» Exercise prompt
Your answer is to be the exact text of the lines from the one containing "家庭和秋季设计图片下载" through the final line of the entries, restated in full, with pictures omitted.

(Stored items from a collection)
################

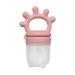 Silicone Baby Fruit Feeder & Teether - Reusable Pacifier for Soothing Gums | Voihamy Rose Red - Buy Online on GoSupps.com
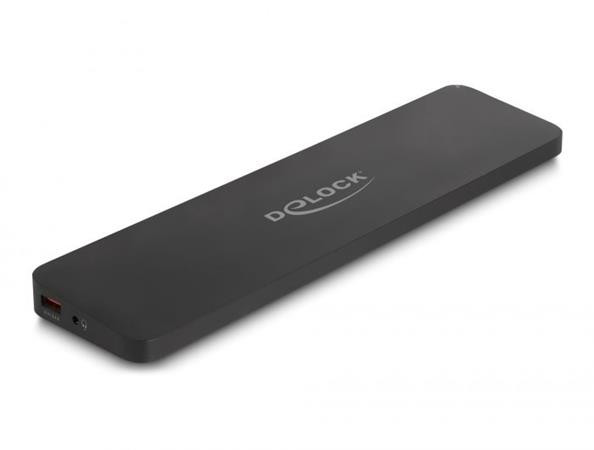 Delock Dokovací stanice pro tři displeje USB Type-C™ s rozhraním DisplayLink® 4K / USB 5 Gbps / LAN / SD / Audio / PD 80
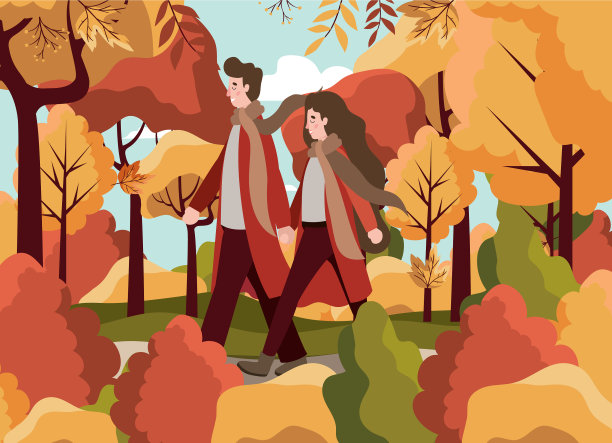 家庭和秋季设计图片下载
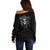 Skull Off Shoulder Sweater Skull Death Forever - Wonder Print Shop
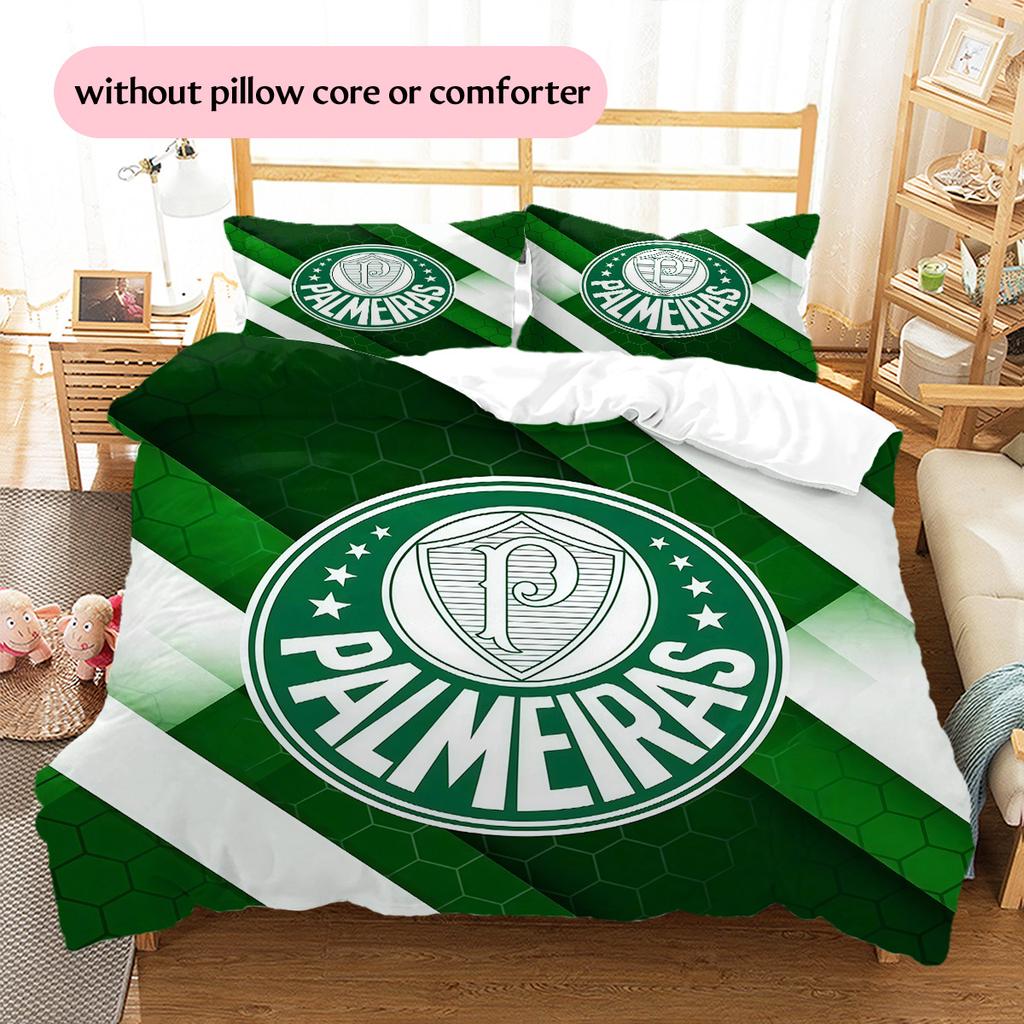SE Palmeiras3 Pattern Bedding Quilt Set Home Decoration Gift (1 * duvet cover + 2 * pillowcase without core)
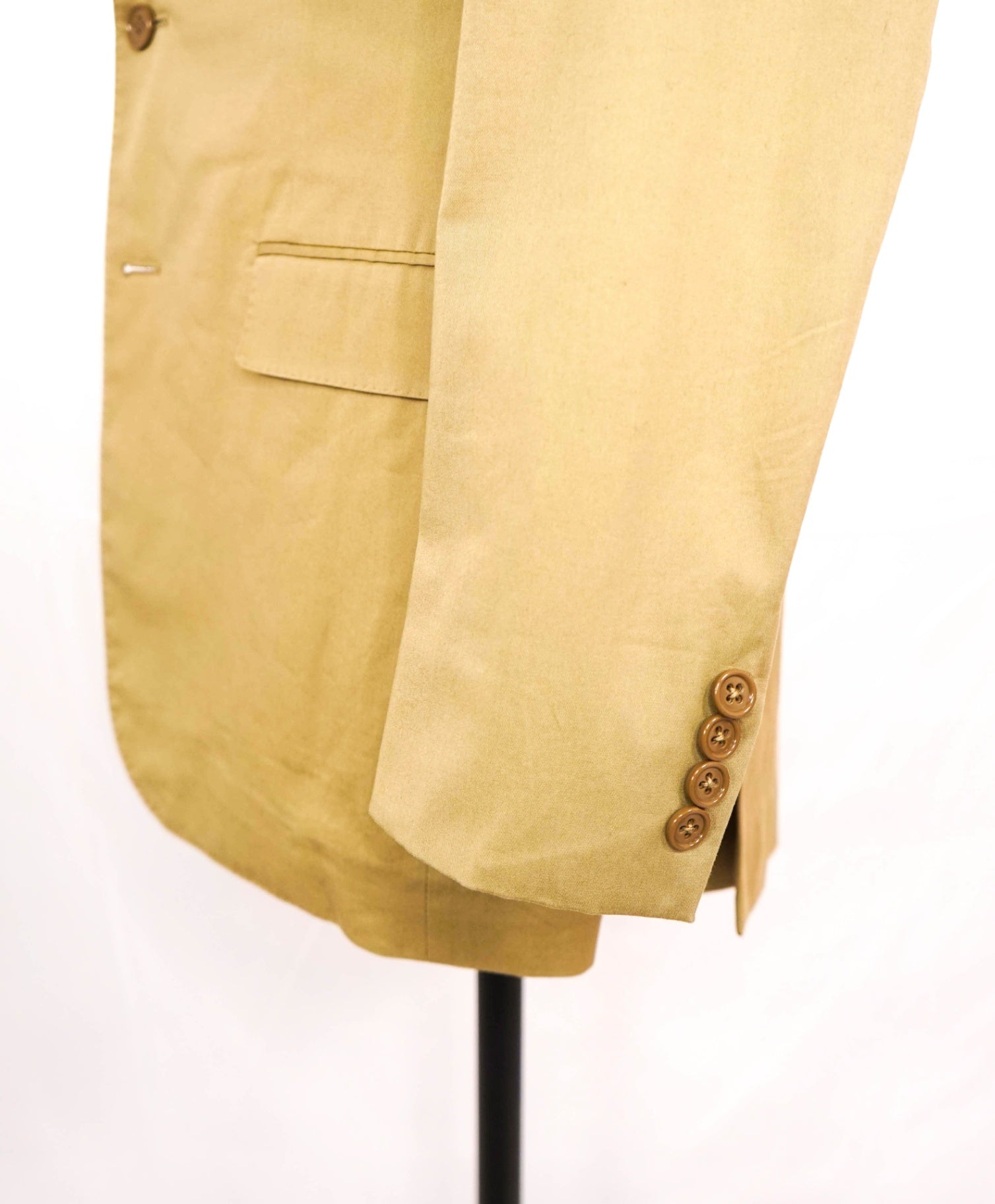 $2,495 RALPH LAUREN PURPLE LABEL - "ANTHONY" Khaki Cotton - 42L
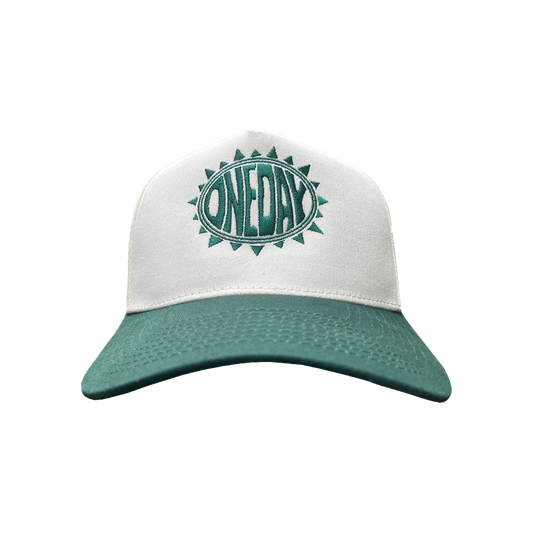 One Day Summer Snapback Hat - Dark Green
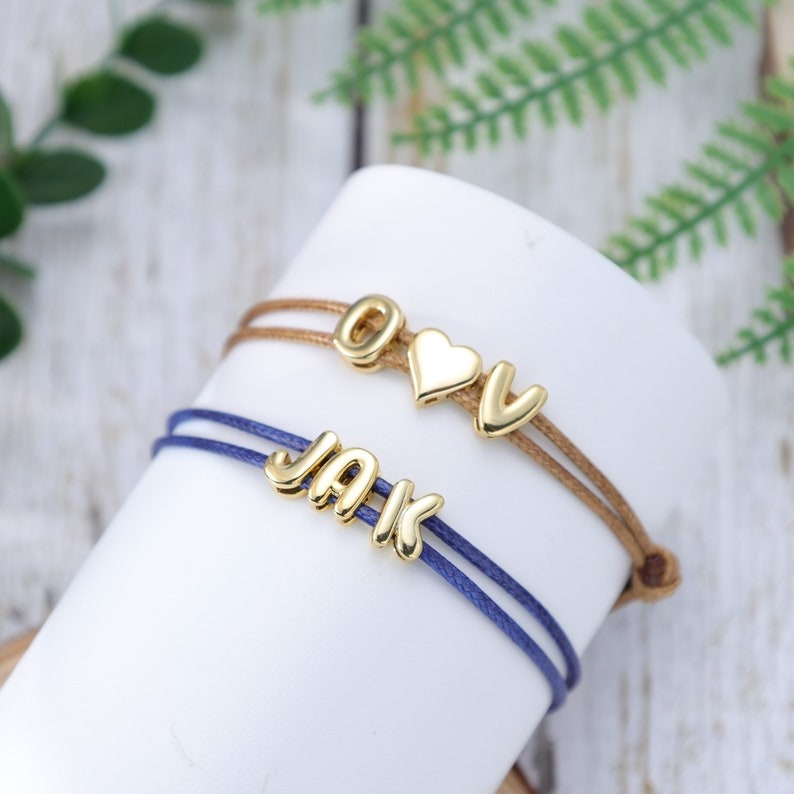 Gold Plated 3D Bubble Name Bracelet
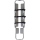 Schaufeltrage, Aluminium inklusiv 3 Fixiergurte, klappbar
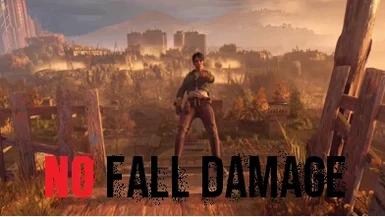No damage from falling DL2 addon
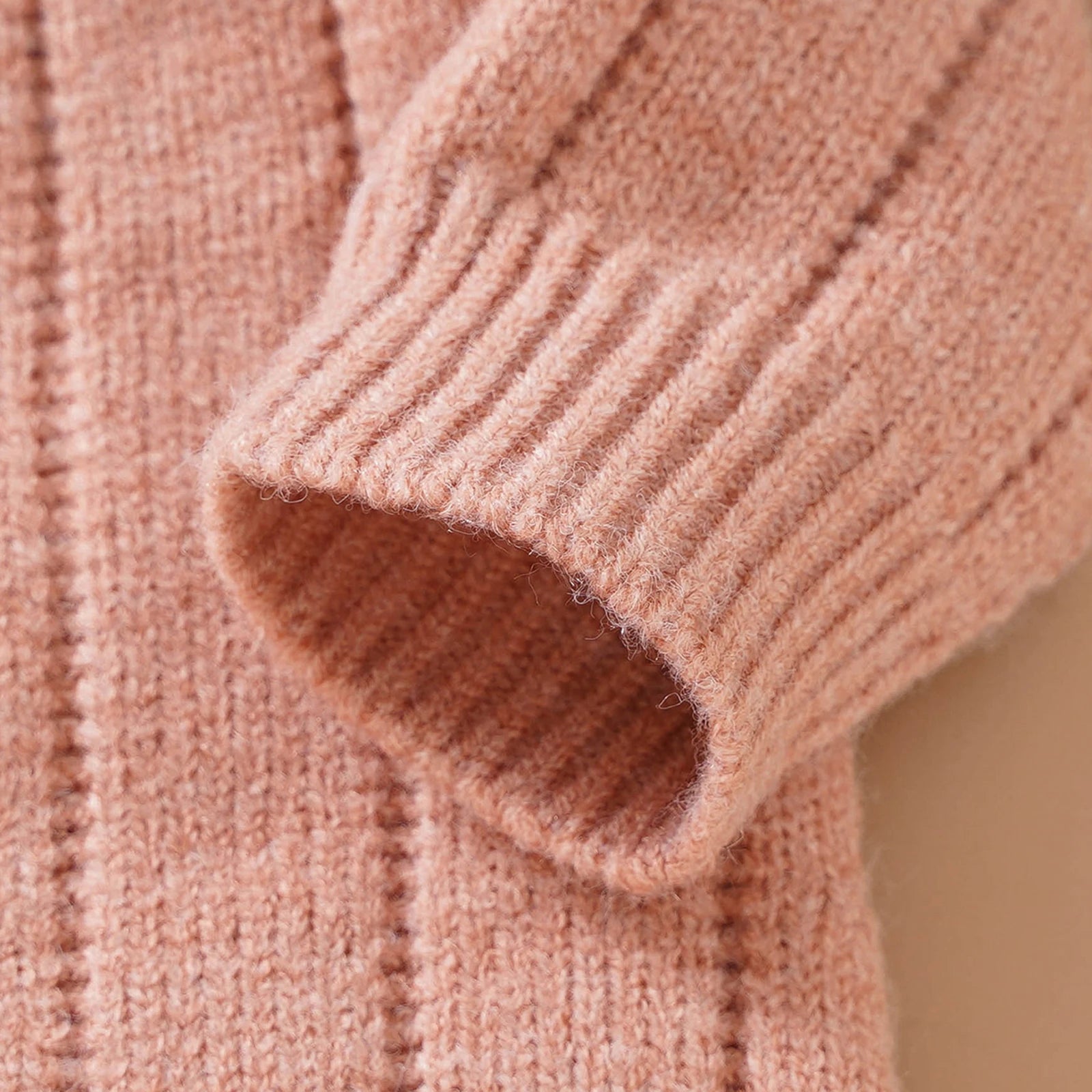 Knitted Baby Winter Romper and Cap Set, 0-18 Months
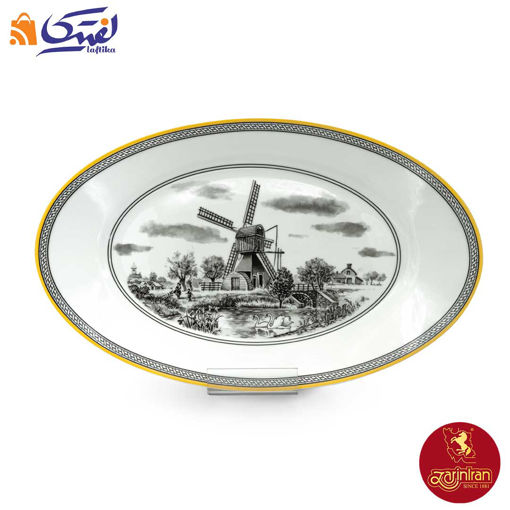 دیس چینی زرین ایتالیا اف طرح ویلیج سایز 38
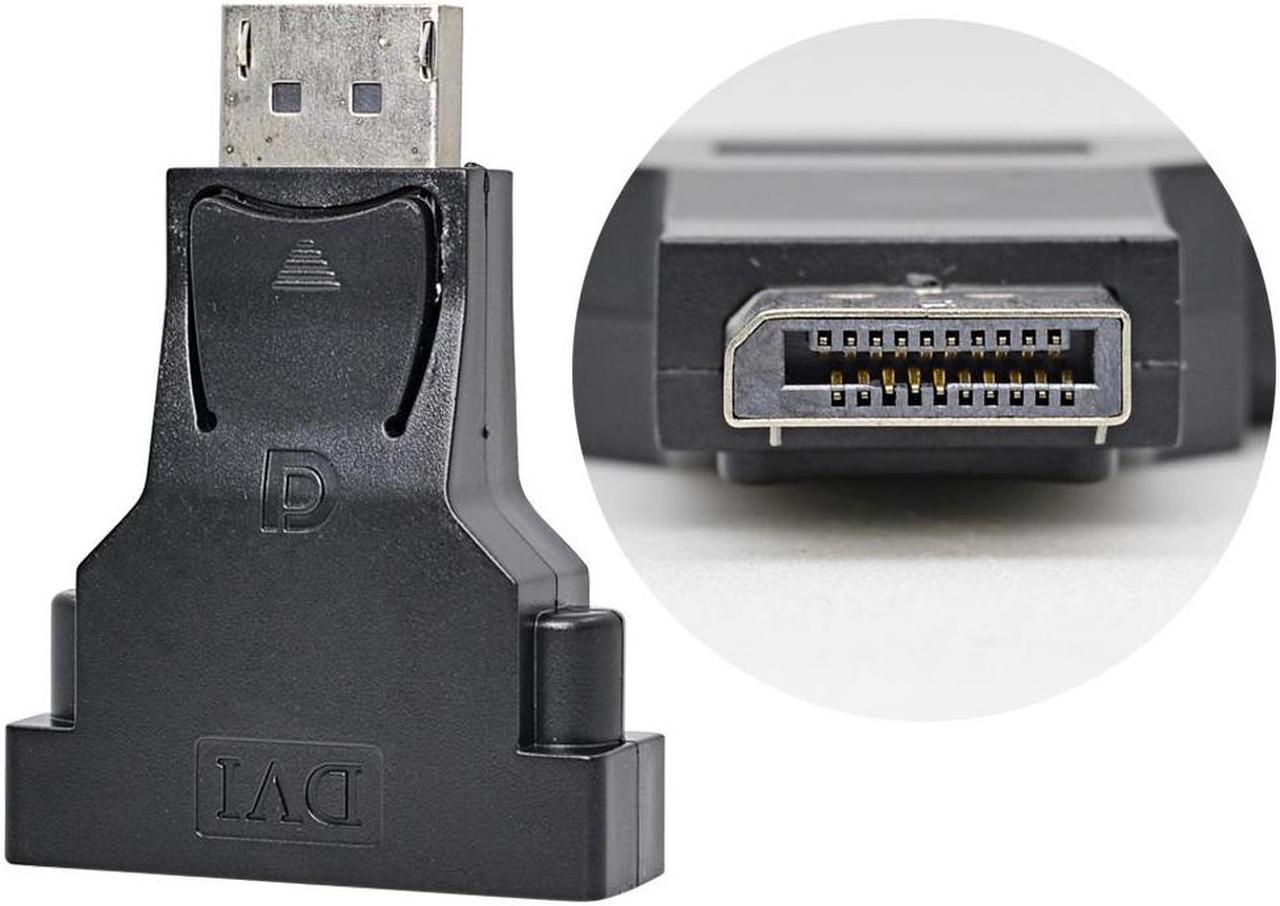 CHIPAL  adaptateur de câble DisplayPort DP mâle à DVI-D femelle, convertisseur vidéo pour PC de bureau, haute qualité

################

» Your response
 家庭和秋季设计图片下载
 Skull Off Shoulder Sweater Skull Death Forever - Wonder Print Shop
SE Palmeiras3 Pattern Bedding Quilt Set Home Decoration Gift (1 * duvet cover + 2 * pillowcase without core)
 $2,495 RALPH LAUREN PURPLE LABEL - "ANTHONY" Khaki Cotton - 42L
 One Day Summer Snapback Hat - Dark Green
 Gold Plated 3D Bubble Name Bracelet
 Schaufeltrage, Aluminium inklusiv 3 Fixiergurte, klappbar
No damage from falling DL2 addon
 Knitted Baby Winter Romper and Cap Set, 0-18 Months
 دیس چینی زرین ایتالیا اف طرح ویلیج سایز 38
 CHIPAL  adaptateur de câble DisplayPort DP mâle à DVI-D femelle, convertisseur vidéo pour PC de bureau, haute qualité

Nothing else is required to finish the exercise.